Provided information
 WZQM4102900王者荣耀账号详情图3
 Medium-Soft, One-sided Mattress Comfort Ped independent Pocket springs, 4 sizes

* * *

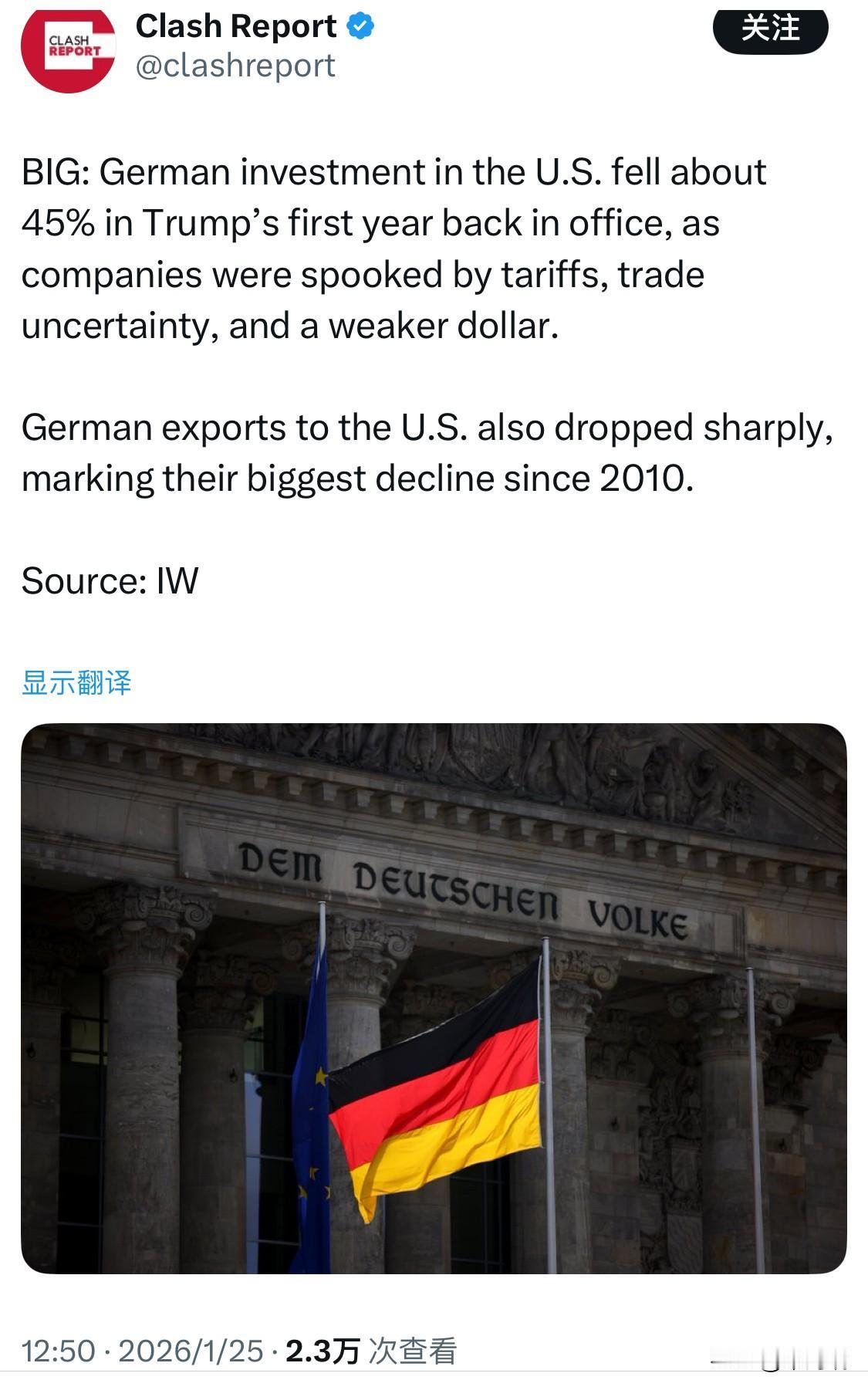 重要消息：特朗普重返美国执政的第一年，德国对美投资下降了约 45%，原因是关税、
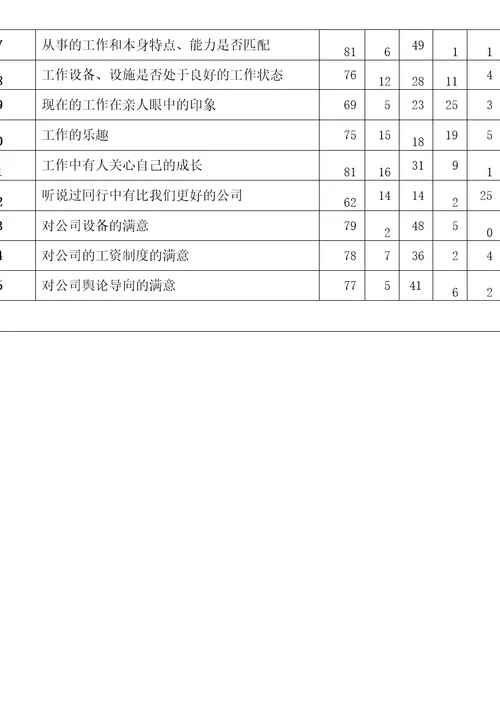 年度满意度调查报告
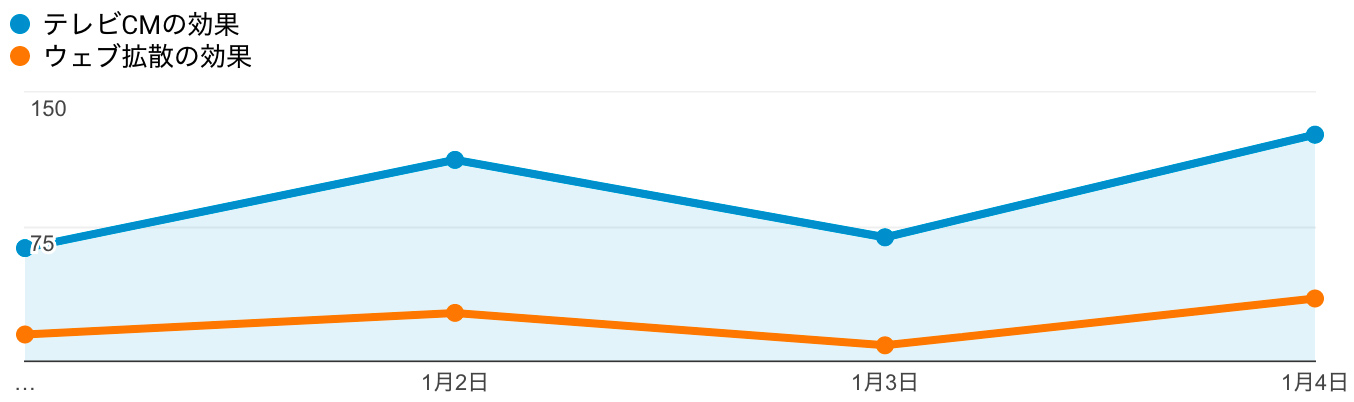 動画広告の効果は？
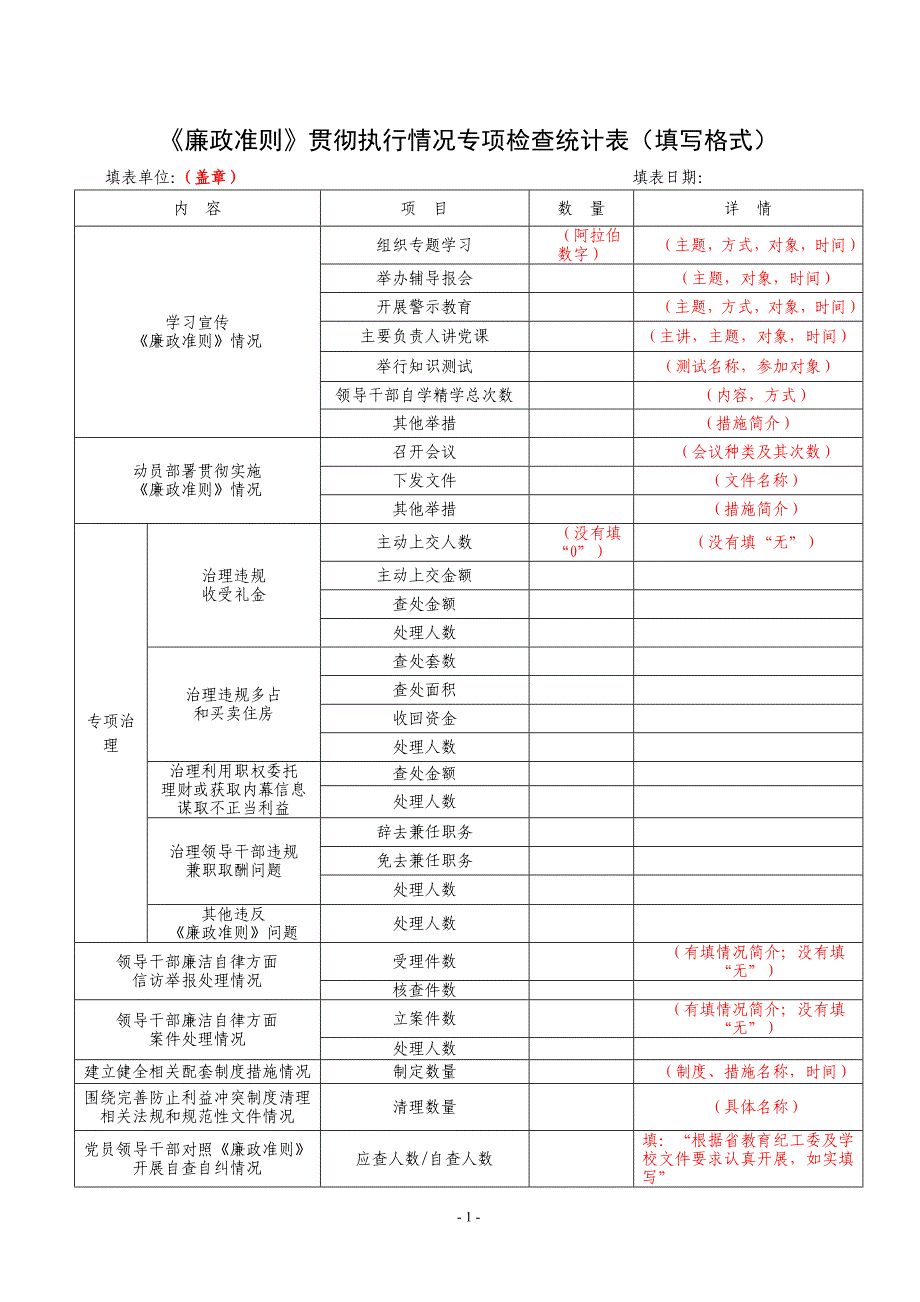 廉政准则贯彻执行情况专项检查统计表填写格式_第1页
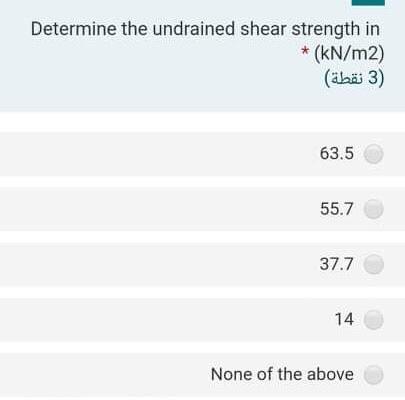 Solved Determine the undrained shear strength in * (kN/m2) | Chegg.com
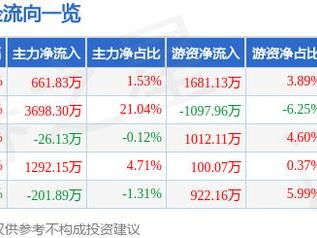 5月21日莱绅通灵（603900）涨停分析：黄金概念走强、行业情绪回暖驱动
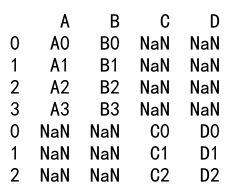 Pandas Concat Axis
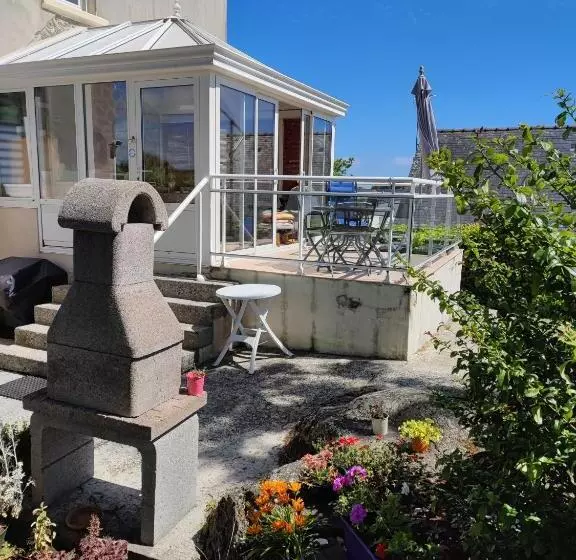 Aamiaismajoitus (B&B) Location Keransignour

Exercise brief
Within the listing above, find the line containing "5月21日莱绅通灵（603900）涨停分析：黄金概念走强、行业情绪回暖驱动" and the line containing "Aamiaismajoitus (B&B) Location Keransignour". Transcribe them and everything between them exactly, leaving out the pictures.

Response box
 5月21日莱绅通灵（603900）涨停分析：黄金概念走强、行业情绪回暖驱动
 Pandas Concat Axis
 Aamiaismajoitus (B&B) Location Keransignour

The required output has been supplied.